TASK REQUIREMENTS: The pictures are to be left out when the listing below is reproduced word for word.

++++ RECORDS TO USE

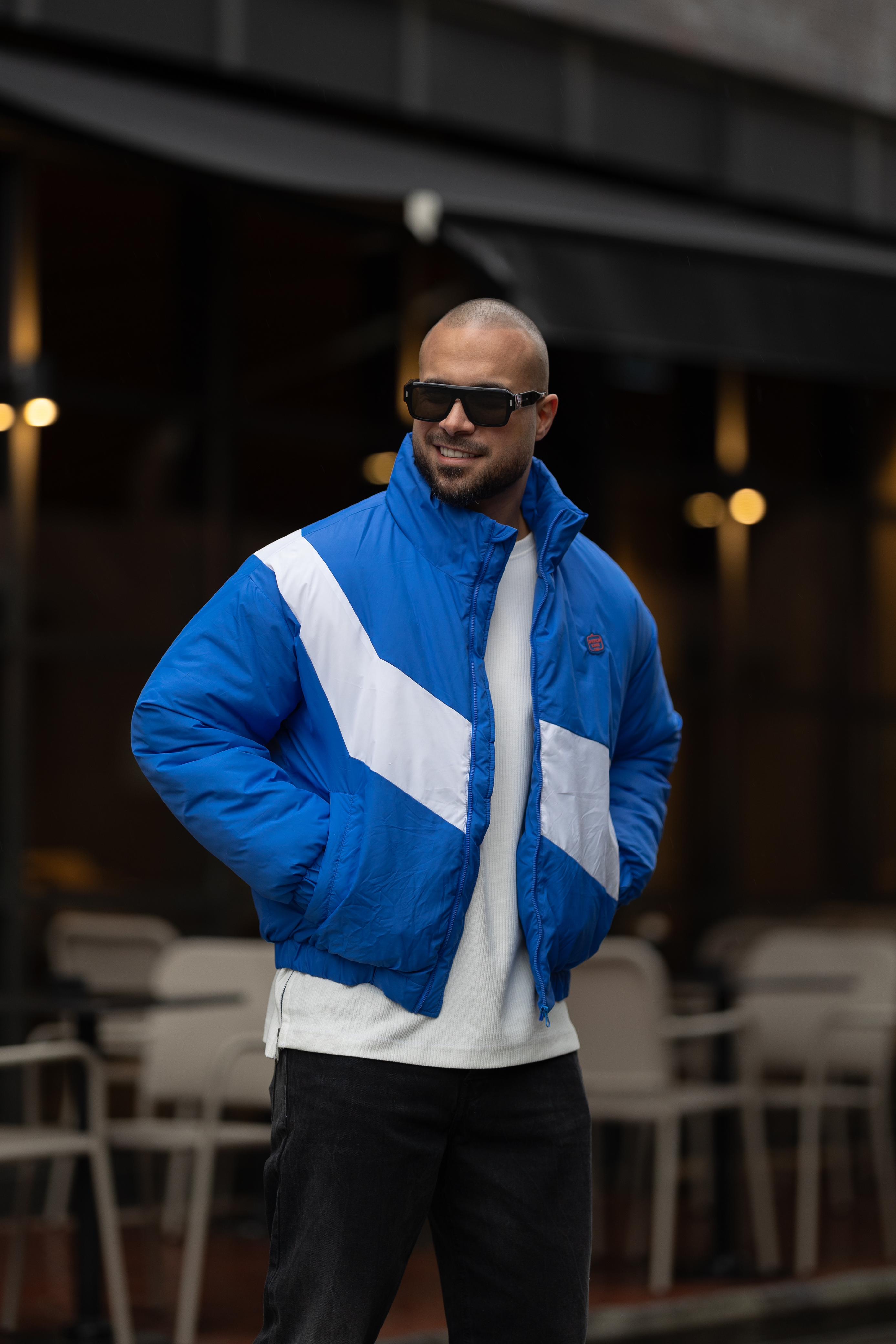 puffer jacket with logo Dutch Line/3447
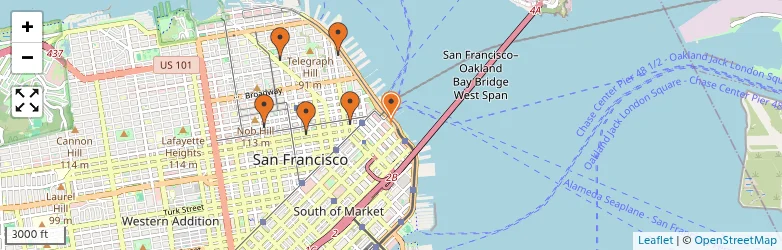 Related schools map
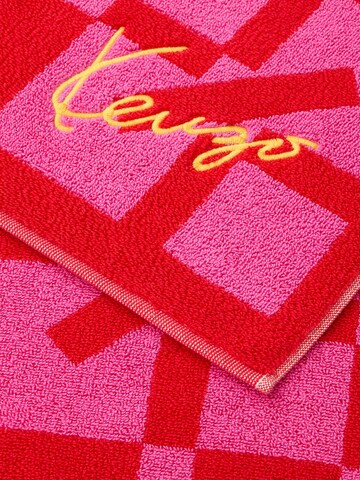 KENZO Towel 'KMONOGRA' in Red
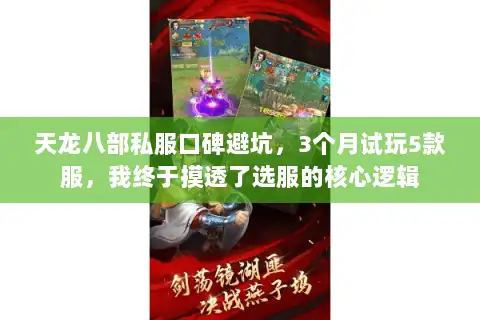 天龙八部私服口碑避坑，3个月试玩5款服，我终于摸透了选服的核心逻辑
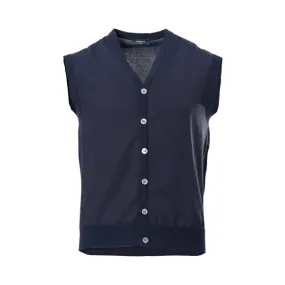 Tombolini Men's Navy Sleeveless Vest
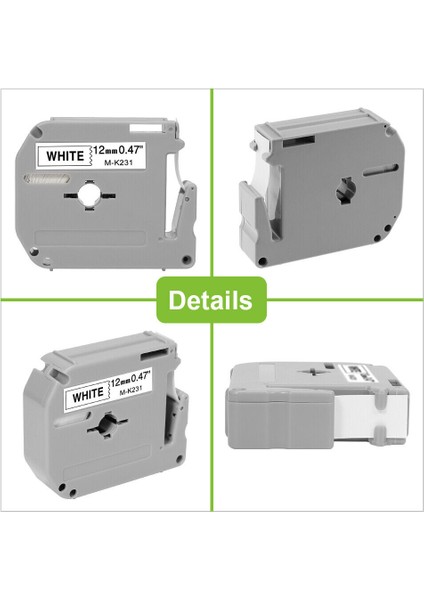 Brother P-Touch Pt-85 Pt-90 Için M-K231 Mk Etiket Bandı Beyaz Üzerine Siyah (Yurt Dışından) fiyatları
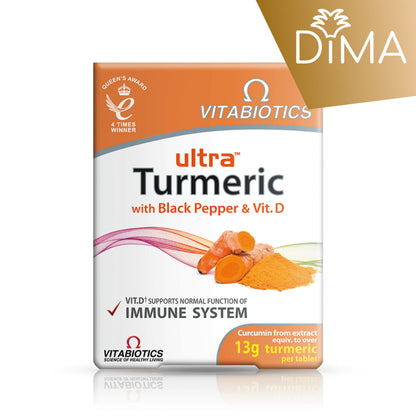 Ultra Turmeric with Black Pepper & Vitamin D - 60 Tablets - from Vitabiotics UK
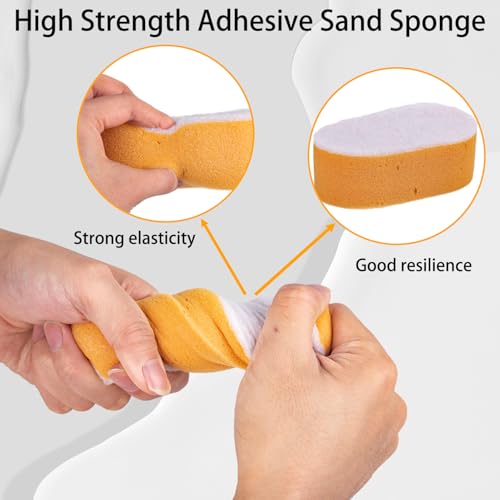 6 Pack Drywall Wet Sanding Sponges, Large Washable Reusable Sanding Blocks for Drywall, Dust Control Sponge for Smoothing, Finishing & Surface Prep, 5.5 x 4.5 x 3.1 Inch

++++++++

FINISHED TASK:
 puffer jacket with logo Dutch Line/3447
 Related schools map
 KENZO Towel 'KMONOGRA' in Red
 天龙八部私服口碑避坑，3个月试玩5款服，我终于摸透了选服的核心逻辑
 Tombolini Men's Navy Sleeveless Vest
 Brother P-Touch Pt-85 Pt-90 Için M-K231 Mk Etiket Bandı Beyaz Üzerine Siyah (Yurt Dışından) fiyatları
 Ultra Turmeric with Black Pepper & Vitamin D - 60 Tablets - from Vitabiotics UK
 6 Pack Drywall Wet Sanding Sponges, Large Washable Reusable Sanding Blocks for Drywall, Dust Control Sponge for Smoothing, Finishing & Surface Prep, 5.5 x 4.5 x 3.1 Inch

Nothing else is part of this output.